1. ¿Cómo te acercaste a la música?
Desde muy pequeño, la música estuvo presente en mi casa. Recuerdo ver los CD de Inti-Illimani y quedarme fascinado con la persona que tocaba flauta traversa. Ese interés fue mi primera puerta de entrada al mundo musical.
No comencé de inmediato con el fagot. En 2013, cuando tenía 9 años y cursaba 4° básico, en mi colegio se abrió la opción de inscribirse en talleres extraprogramáticos. No lo dudé y me anoté en el de flauta traversa, iniciando así mi camino formal en la música.
¿Por qué elegiste ese instrumento?
Aunque la flauta traversa fue mi primera elección, inspirada en aquellos CD que veía de niño, mi primer encuentro con el fagot ocurrió en la Orquesta Infantil de Puerto Montt, mi ciudad de origen.
En mi primer ensayo, vi a dos chicas tocando un instrumento que jamás había visto. Su forma curiosa, la belleza de la madera y su sonido cálido me cautivaron de inmediato: era el fagot. Desde ese día supe que quería tocarlo, pero la falta de profesores e instrumentos disponibles en la región hacía muy difícil acceder a él.
Recién en 2018 llegó un fagot a mi colegio, y sin pensarlo comencé a aprenderlo de manera autodidacta.
Hoy acabo de finalizar mi tercer año de Interpretación Musical, mención Fagot, en la Pontificia Universidad Católica. Además, formo parte de la Orquesta Sinfónica Nacional Juvenil de la FOJI y soy becado por segundo año consecutivo por la Corporación de Amigos del Teatro Municipal.

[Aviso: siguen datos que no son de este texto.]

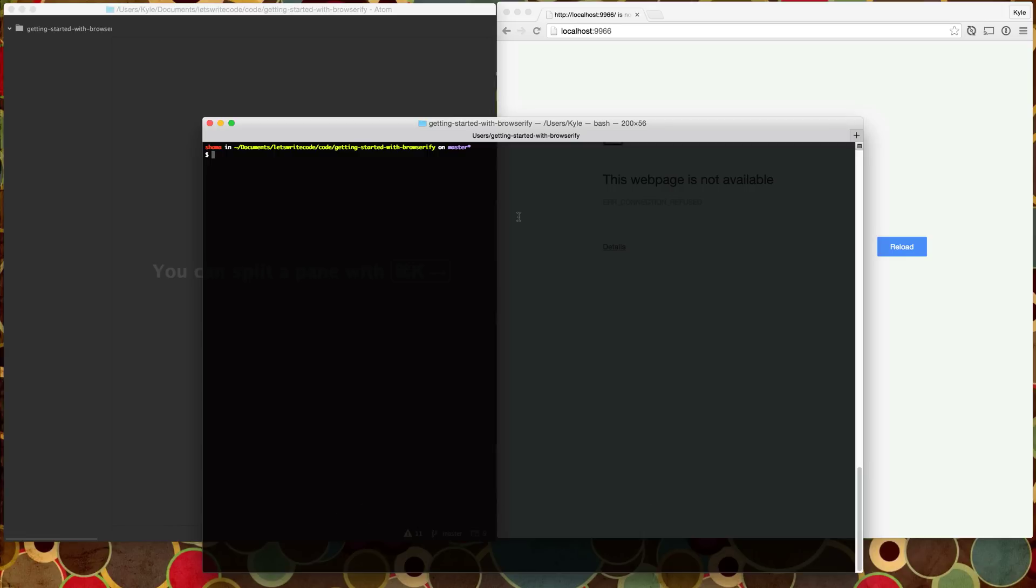Hello, this is Kyle. Let's write some code. Today let's talk about Browserify. This is a getting started with Browserify. It's really geared towards somebody who's brand new and never really used Browserify before.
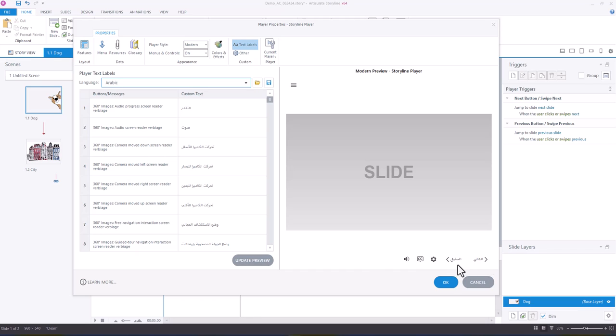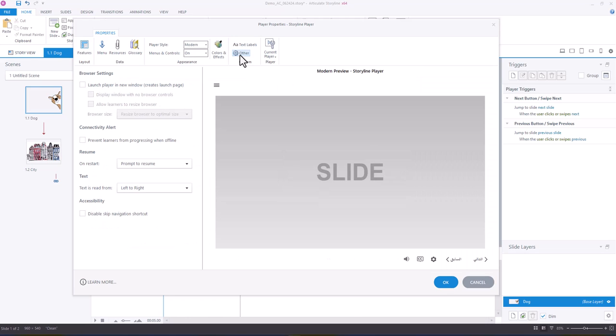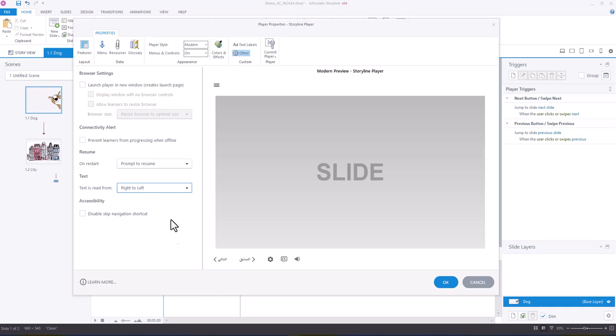And then because Arabic is a right-to-left language, another thing that you can do here for translations is go into Other, and Text is read from, change the default here from left-to-right to right-to-left. And you will notice that all of the player buttons appear from right-to-left now.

¿Qué crees que puede aportar la música al Chile de hoy?
Estoy convencido de que la música —y la cultura en general— pueden aportar enormemente al Chile de hoy. Primero, porque son espacios donde construimos comunidad más allá de nuestras diferencias. Y segundo, porque la cultura tiene un impacto directo en el ámbito emocional: tanto para quienes interpretan como para quienes escuchan, es una vía de escape, un lugar donde dejar las preocupaciones y simplemente disfrutar.
Por todo eso, creo firmemente que la música y la cultura no son un lujo, sino una necesidad para el Chile actual.